Koreksi positif lainnya adalah berkaitan dengan sektor ekonomi informal. Seperti kita ketahui, perekonomian NSB ditandai oleh besarnya peranan sektor ekonomi informal yang tumbuh pesat. Sektor ekonomi informal ini dibedakan menjadi dua kelompok yaitu: (1) kegiatan ekonomi ilegal yang melawan hukum, misalnya perdagangan narkotika dan obat-obatan terlarang, dan (2) kegiatan ekonomi yang legal tetapi tidak tercatat sehingga terhindar dari pajak, misalnya pendapatan dari tukang batu yang memperbaiki rumah.
Pada umumnya, para ekonom tidak menambhakan kegiatan ekonomi ilegal ke dalam nilai produk nasional., karena sudah ada kesepakatan bahwa kegiatan ini merupakan kegiatan yang buruk dari segi sosial.
Kegiatan informal lainnya seperti yang dilakukan oleh pedagang kaki lima, tukang bakso, tukang tambal dan sebagainya menghasilkan output yang sangat berguna dan bernilai jual namun tidak diamsukkan dalam perhitungan produksi nasional karena kegiatan usahanya tidak tercatat secara resmi oleh pemerintah.

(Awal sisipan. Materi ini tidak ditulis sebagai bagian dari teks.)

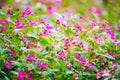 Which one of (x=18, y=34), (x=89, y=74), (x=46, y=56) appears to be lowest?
(x=89, y=74)

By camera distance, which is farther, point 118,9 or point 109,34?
point 118,9

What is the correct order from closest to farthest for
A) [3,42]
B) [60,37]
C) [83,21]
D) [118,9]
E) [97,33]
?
[3,42] → [60,37] → [97,33] → [83,21] → [118,9]

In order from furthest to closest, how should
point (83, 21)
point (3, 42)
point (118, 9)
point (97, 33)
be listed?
point (118, 9) < point (83, 21) < point (97, 33) < point (3, 42)

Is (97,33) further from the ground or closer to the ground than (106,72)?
further from the ground

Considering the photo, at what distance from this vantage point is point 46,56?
2.80 m

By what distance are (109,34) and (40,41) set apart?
2.11ft

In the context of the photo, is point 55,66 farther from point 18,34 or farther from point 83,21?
point 83,21

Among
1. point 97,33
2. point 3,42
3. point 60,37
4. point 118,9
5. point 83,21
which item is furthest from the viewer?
point 118,9

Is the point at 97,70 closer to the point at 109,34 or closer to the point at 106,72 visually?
the point at 106,72

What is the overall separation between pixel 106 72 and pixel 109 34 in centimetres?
49

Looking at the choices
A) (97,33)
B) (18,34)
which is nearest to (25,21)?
(18,34)

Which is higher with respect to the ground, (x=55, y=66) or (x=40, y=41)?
(x=40, y=41)

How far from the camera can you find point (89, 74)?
289 cm

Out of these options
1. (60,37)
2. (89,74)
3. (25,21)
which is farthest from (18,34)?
(89,74)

Sebagai konsekuensinya, laju pertumbuhan GNP riil akan lebih rendah dari sebenarnya.
- Koreksi Negatif
Koreksi negatif berkaitan dengan masalah kerusakan lingkungan (eksternalitas negatif) yang ditimbulkan oleh kegiatan- kegiatan di sektor produktif. Koreksi negatif mempertimbangkan biaya-biaya sosial (sosial cost) yang ditimbulkan oleh kegiatan- kegiatan ekonomi. Misalnya adanya proyek pembangunan perumahan. Proyek pembangunan prumahan selain membawa hasil yang negatif berupa polusi dan kerusakan sistem tanah. Hasil negatif tersebut menggambarkan biaya-biaya sosial yang ditimbulkan oleh proyek pembangunan perumahan. Oleh karena itu, nilai GNP hrus dikoreksi dengan cara mengurangi GNP tersebut dengan biaya-biaya sosial yang dikeluarkan untuk memperoleh NEW.